* _Problem statement_:
An image-free reproduction of the data below is needed: print it exactly.
━━━━━ Dataset excerpt
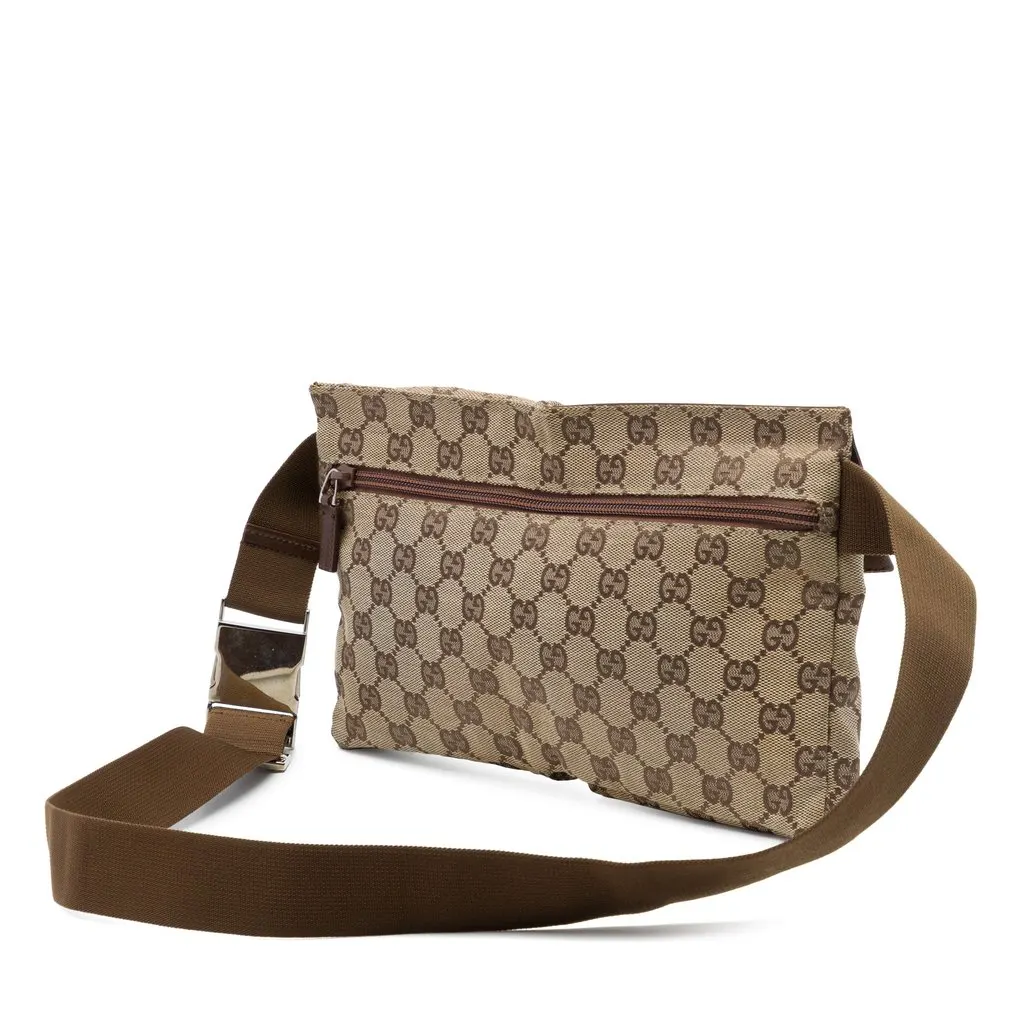 Gucci GG Canvas Double Pocket Belt Bag Beige Canvas Very good - Back View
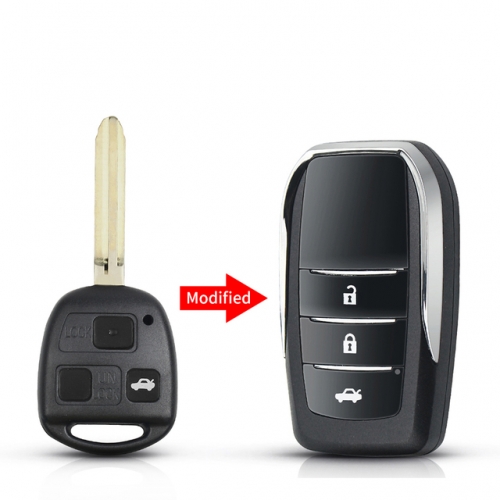 3 Button TOY43 Blade Modified Flip Key Shell For T-oyota Prado Corolla Camry Yaris Cruiser Land Replacement Remote Key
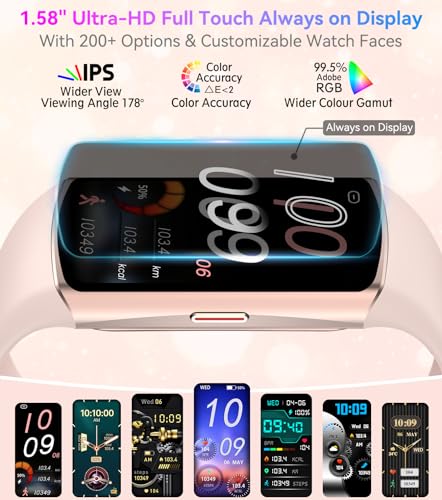 Health Fitness Tracker Smart Watch with Always on Display 24/7 Heart Rate Blood Pressure Blood Oxygen Monitor Sleep Tracker 120+ Exercise Modes Step Calorie Counter IP68 Waterproof for Women Men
━━━━━━━━━━
* _The completed task_:
 Gucci GG Canvas Double Pocket Belt Bag Beige Canvas Very good - Back View
 3 Button TOY43 Blade Modified Flip Key Shell For T-oyota Prado Corolla Camry Yaris Cruiser Land Replacement Remote Key
 Health Fitness Tracker Smart Watch with Always on Display 24/7 Heart Rate Blood Pressure Blood Oxygen Monitor Sleep Tracker 120+ Exercise Modes Step Calorie Counter IP68 Waterproof for Women Men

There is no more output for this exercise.